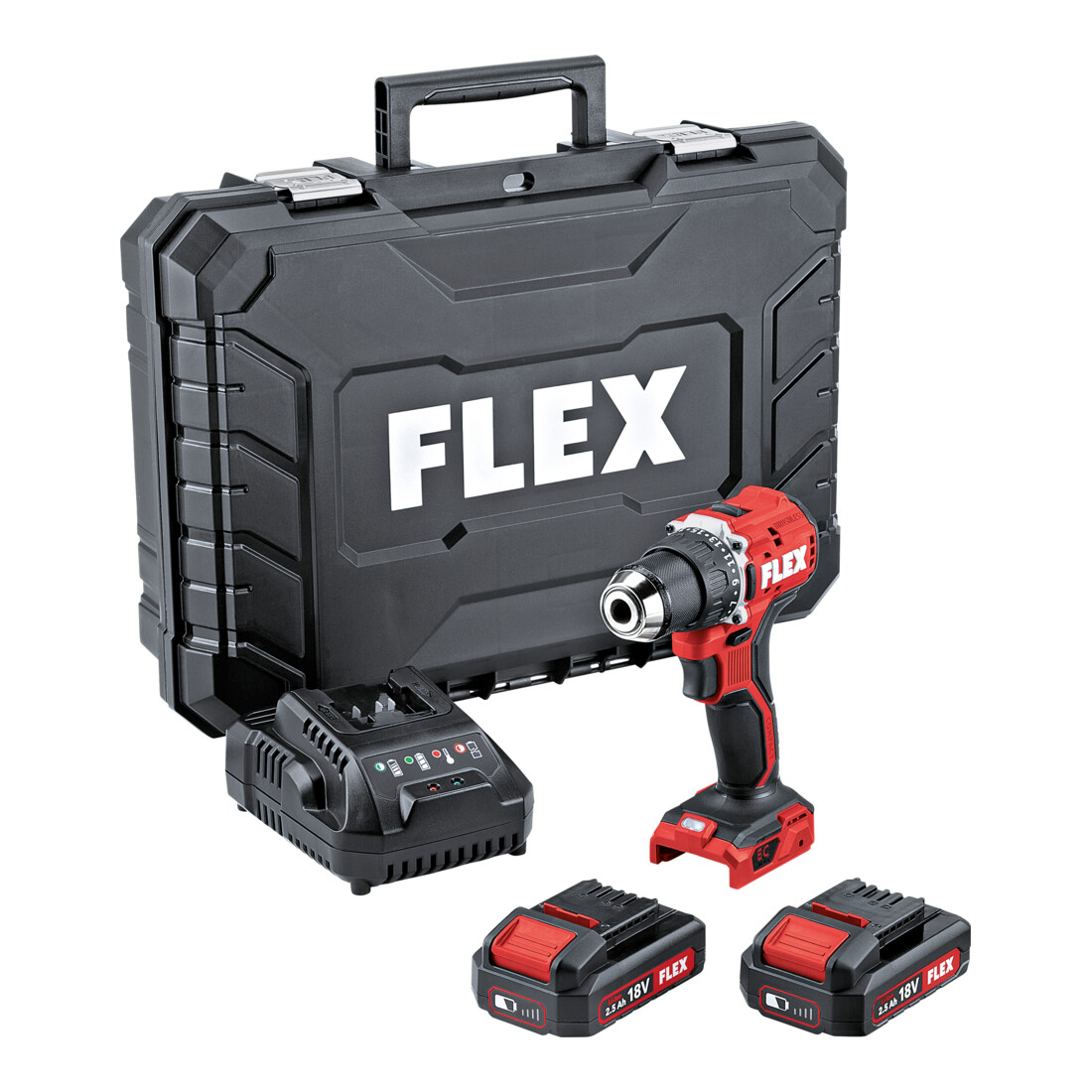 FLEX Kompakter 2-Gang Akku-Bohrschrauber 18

---

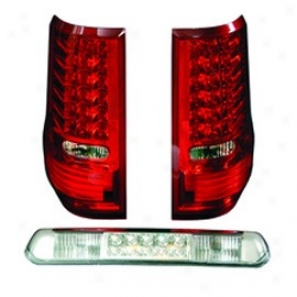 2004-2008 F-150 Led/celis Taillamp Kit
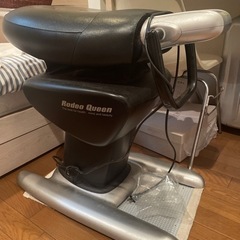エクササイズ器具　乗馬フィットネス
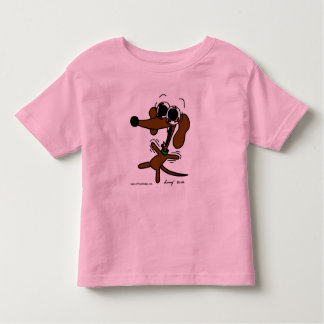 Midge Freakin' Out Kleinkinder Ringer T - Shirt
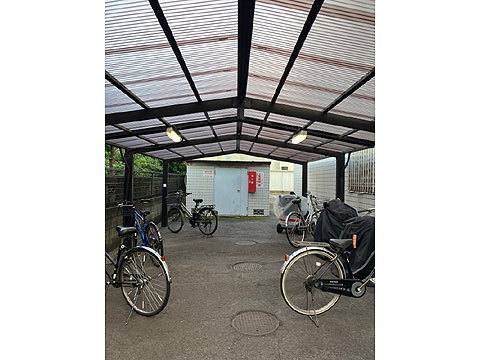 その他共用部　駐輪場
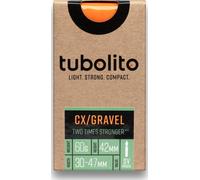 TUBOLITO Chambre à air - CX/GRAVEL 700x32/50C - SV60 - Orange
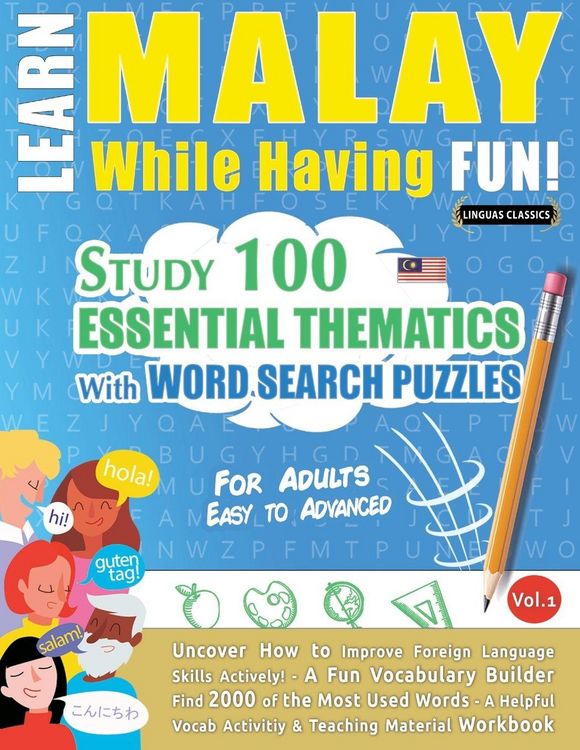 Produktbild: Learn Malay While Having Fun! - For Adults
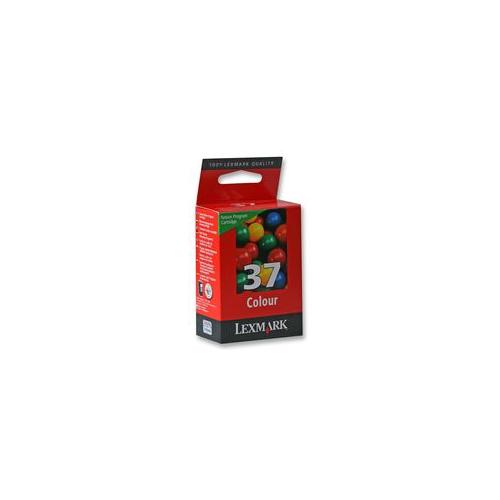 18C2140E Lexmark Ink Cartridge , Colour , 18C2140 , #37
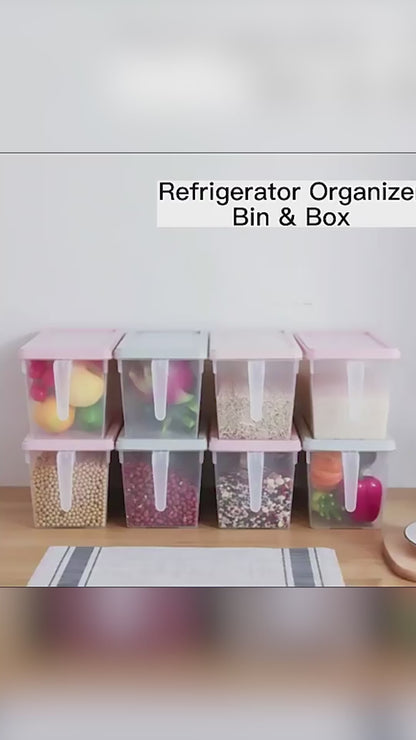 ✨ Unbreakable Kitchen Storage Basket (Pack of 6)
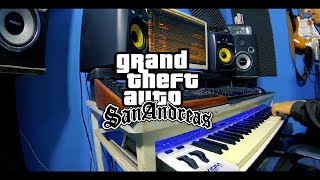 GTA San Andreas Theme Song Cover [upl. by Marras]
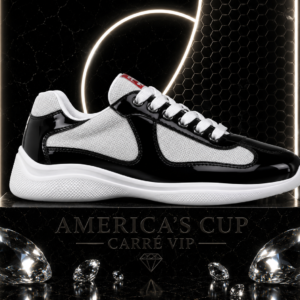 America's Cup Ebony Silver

» **Exercise details**:
When copying from the data above, begin at the line containing "エクササイズ器具　乗馬フィットネス" and end at the line containing "America's Cup Ebony Silver"; return those lines exactly and leave all pictures behind.

» **Written answer**:
エクササイズ器具　乗馬フィットネス
 Midge Freakin' Out Kleinkinder Ringer T - Shirt
 その他共用部　駐輪場
 TUBOLITO Chambre à air - CX/GRAVEL 700x32/50C - SV60 - Orange
 Produktbild: Learn Malay While Having Fun! - For Adults
 18C2140E Lexmark Ink Cartridge , Colour , 18C2140 , #37
 ✨ Unbreakable Kitchen Storage Basket (Pack of 6)
 GTA San Andreas Theme Song Cover [upl. by Marras]
 America's Cup Ebony Silver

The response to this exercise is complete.